-- YOUR TASK --
Exactly the lines below from the one with "When this window" up to and including the one with "If you have" make up the answer, with nothing else added.

-- EXTRACTED DATA --
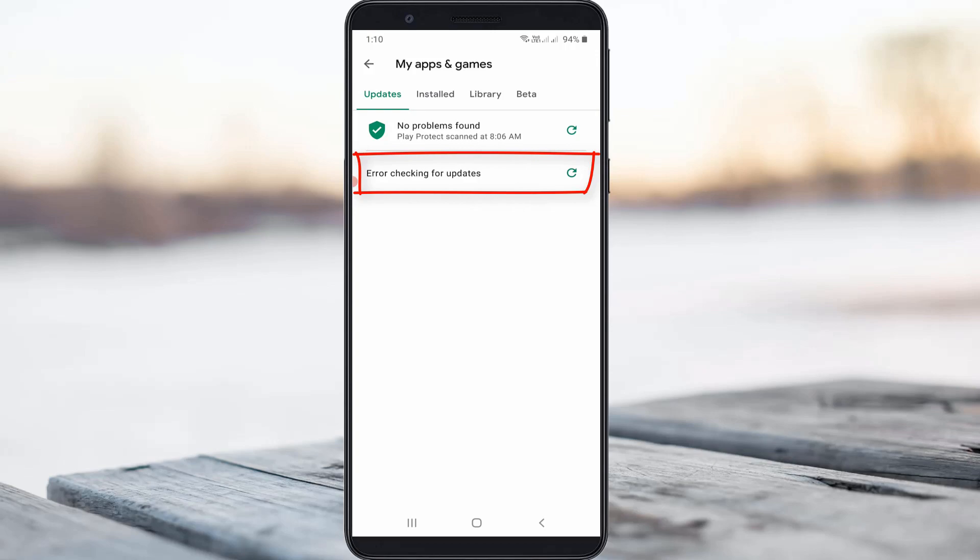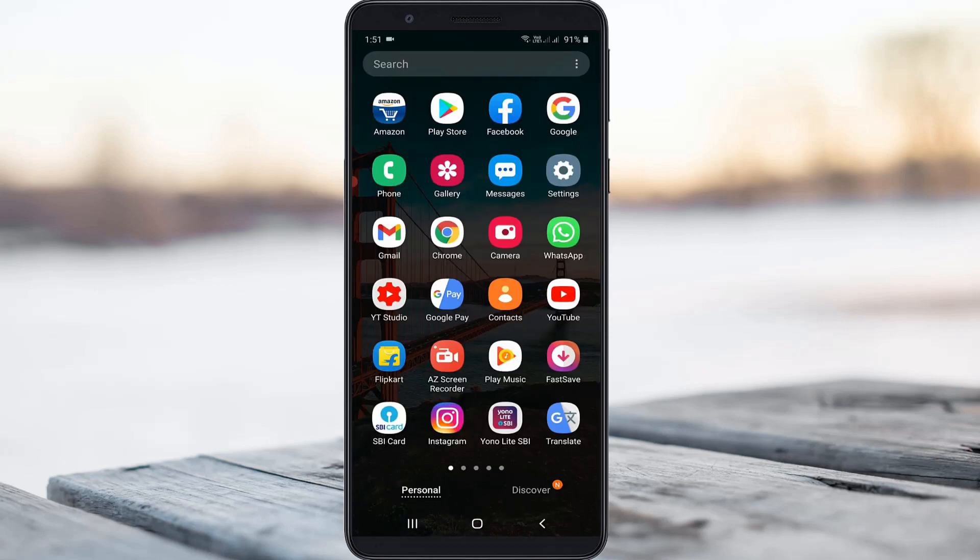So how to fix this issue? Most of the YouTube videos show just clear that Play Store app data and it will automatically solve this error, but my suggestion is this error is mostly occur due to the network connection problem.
---
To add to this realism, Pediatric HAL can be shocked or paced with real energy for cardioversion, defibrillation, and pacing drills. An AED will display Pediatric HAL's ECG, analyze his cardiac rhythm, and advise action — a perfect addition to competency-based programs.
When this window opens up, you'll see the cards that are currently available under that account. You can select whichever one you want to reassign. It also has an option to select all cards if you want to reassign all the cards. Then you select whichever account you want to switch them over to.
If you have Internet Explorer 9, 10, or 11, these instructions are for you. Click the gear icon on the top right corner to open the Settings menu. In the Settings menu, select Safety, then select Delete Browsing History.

-- YOUR SOLUTION --
When this window opens up, you'll see the cards that are currently available under that account. You can select whichever one you want to reassign. It also has an option to select all cards if you want to reassign all the cards. Then you select whichever account you want to switch them over to.
If you have Internet Explorer 9, 10, or 11, these instructions are for you. Click the gear icon on the top right corner to open the Settings menu. In the Settings menu, select Safety, then select Delete Browsing History.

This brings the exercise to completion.